REQUIREMENT: Exercise in exact copying. Transcribe every entry that follows, word for word.

Items from a dataset:
+ + + + + + +

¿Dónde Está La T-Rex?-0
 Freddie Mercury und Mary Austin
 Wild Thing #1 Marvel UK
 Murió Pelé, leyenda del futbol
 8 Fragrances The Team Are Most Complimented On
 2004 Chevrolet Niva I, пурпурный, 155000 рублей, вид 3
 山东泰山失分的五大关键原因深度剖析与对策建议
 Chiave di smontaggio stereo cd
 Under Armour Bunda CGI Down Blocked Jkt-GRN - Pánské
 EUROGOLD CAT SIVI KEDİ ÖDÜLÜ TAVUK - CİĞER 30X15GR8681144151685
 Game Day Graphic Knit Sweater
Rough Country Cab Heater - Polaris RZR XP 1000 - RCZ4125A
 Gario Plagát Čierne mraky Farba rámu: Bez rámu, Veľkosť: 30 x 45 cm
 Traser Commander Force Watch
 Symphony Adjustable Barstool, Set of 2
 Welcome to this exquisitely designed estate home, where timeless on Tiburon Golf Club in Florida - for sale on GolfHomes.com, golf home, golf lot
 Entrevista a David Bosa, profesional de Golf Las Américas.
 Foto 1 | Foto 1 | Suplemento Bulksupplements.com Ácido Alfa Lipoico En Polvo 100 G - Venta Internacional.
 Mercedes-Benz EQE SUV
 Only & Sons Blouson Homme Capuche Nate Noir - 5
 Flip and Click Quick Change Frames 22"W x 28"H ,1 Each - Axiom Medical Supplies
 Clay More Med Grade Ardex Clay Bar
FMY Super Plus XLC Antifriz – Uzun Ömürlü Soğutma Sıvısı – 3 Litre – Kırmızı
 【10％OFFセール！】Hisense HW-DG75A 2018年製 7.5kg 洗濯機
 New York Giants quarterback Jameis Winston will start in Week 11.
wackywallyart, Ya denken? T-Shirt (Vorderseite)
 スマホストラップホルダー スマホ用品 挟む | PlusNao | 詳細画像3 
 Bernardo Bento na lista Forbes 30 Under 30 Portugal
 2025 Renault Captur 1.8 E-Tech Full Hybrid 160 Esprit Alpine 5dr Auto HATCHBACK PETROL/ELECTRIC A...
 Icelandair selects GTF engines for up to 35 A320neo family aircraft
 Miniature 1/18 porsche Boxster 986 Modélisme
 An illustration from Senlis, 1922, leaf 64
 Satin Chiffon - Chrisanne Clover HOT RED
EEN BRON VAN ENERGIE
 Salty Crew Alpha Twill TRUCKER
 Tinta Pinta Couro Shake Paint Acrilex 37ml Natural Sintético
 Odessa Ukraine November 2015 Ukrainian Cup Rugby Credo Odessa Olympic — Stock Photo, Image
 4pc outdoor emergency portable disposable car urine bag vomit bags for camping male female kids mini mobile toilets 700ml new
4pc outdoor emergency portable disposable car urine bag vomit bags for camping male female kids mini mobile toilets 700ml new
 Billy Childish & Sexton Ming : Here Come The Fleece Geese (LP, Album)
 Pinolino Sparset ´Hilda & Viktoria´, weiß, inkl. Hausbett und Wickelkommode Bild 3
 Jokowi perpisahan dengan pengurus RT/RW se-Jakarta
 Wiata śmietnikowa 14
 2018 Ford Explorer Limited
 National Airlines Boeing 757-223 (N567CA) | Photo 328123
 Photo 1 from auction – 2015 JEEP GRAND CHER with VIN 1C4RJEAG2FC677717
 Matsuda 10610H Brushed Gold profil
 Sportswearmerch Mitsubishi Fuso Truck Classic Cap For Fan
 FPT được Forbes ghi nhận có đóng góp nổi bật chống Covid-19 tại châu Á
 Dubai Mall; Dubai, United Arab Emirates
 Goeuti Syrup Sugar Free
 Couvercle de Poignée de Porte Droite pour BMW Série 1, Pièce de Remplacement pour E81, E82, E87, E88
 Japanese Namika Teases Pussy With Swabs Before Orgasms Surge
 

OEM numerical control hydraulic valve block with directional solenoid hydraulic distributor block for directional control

+ + + + + + +

ANSWER TO THE EXERCISE:
¿Dónde Está La T-Rex?-0
 Freddie Mercury und Mary Austin
 Wild Thing #1 Marvel UK
 Murió Pelé, leyenda del futbol
 8 Fragrances The Team Are Most Complimented On
 2004 Chevrolet Niva I, пурпурный, 155000 рублей, вид 3
 山东泰山失分的五大关键原因深度剖析与对策建议
 Chiave di smontaggio stereo cd
 Under Armour Bunda CGI Down Blocked Jkt-GRN - Pánské
 EUROGOLD CAT SIVI KEDİ ÖDÜLÜ TAVUK - CİĞER 30X15GR8681144151685
 Game Day Graphic Knit Sweater
Rough Country Cab Heater - Polaris RZR XP 1000 - RCZ4125A
 Gario Plagát Čierne mraky Farba rámu: Bez rámu, Veľkosť: 30 x 45 cm
 Traser Commander Force Watch
 Symphony Adjustable Barstool, Set of 2
 Welcome to this exquisitely designed estate home, where timeless on Tiburon Golf Club in Florida - for sale on GolfHomes.com, golf home, golf lot
 Entrevista a David Bosa, profesional de Golf Las Américas.
 Foto 1 | Foto 1 | Suplemento Bulksupplements.com Ácido Alfa Lipoico En Polvo 100 G - Venta Internacional.
 Mercedes-Benz EQE SUV
 Only & Sons Blouson Homme Capuche Nate Noir - 5
 Flip and Click Quick Change Frames 22"W x 28"H ,1 Each - Axiom Medical Supplies
 Clay More Med Grade Ardex Clay Bar
FMY Super Plus XLC Antifriz – Uzun Ömürlü Soğutma Sıvısı – 3 Litre – Kırmızı
 【10％OFFセール！】Hisense HW-DG75A 2018年製 7.5kg 洗濯機
 New York Giants quarterback Jameis Winston will start in Week 11.
wackywallyart, Ya denken? T-Shirt (Vorderseite)
 スマホストラップホルダー スマホ用品 挟む | PlusNao | 詳細画像3 
 Bernardo Bento na lista Forbes 30 Under 30 Portugal
 2025 Renault Captur 1.8 E-Tech Full Hybrid 160 Esprit Alpine 5dr Auto HATCHBACK PETROL/ELECTRIC A...
 Icelandair selects GTF engines for up to 35 A320neo family aircraft
 Miniature 1/18 porsche Boxster 986 Modélisme
 An illustration from Senlis, 1922, leaf 64
 Satin Chiffon - Chrisanne Clover HOT RED
EEN BRON VAN ENERGIE
 Salty Crew Alpha Twill TRUCKER
 Tinta Pinta Couro Shake Paint Acrilex 37ml Natural Sintético
 Odessa Ukraine November 2015 Ukrainian Cup Rugby Credo Odessa Olympic — Stock Photo, Image
 4pc outdoor emergency portable disposable car urine bag vomit bags for camping male female kids mini mobile toilets 700ml new
4pc outdoor emergency portable disposable car urine bag vomit bags for camping male female kids mini mobile toilets 700ml new
 Billy Childish & Sexton Ming : Here Come The Fleece Geese (LP, Album)
 Pinolino Sparset ´Hilda & Viktoria´, weiß, inkl. Hausbett und Wickelkommode Bild 3
 Jokowi perpisahan dengan pengurus RT/RW se-Jakarta
 Wiata śmietnikowa 14
 2018 Ford Explorer Limited
 National Airlines Boeing 757-223 (N567CA) | Photo 328123
 Photo 1 from auction – 2015 JEEP GRAND CHER with VIN 1C4RJEAG2FC677717
 Matsuda 10610H Brushed Gold profil
 Sportswearmerch Mitsubishi Fuso Truck Classic Cap For Fan
 FPT được Forbes ghi nhận có đóng góp nổi bật chống Covid-19 tại châu Á
 Dubai Mall; Dubai, United Arab Emirates
 Goeuti Syrup Sugar Free
 Couvercle de Poignée de Porte Droite pour BMW Série 1, Pièce de Remplacement pour E81, E82, E87, E88
 Japanese Namika Teases Pussy With Swabs Before Orgasms Surge
 

OEM numerical control hydraulic valve block with directional solenoid hydraulic distributor block for directional control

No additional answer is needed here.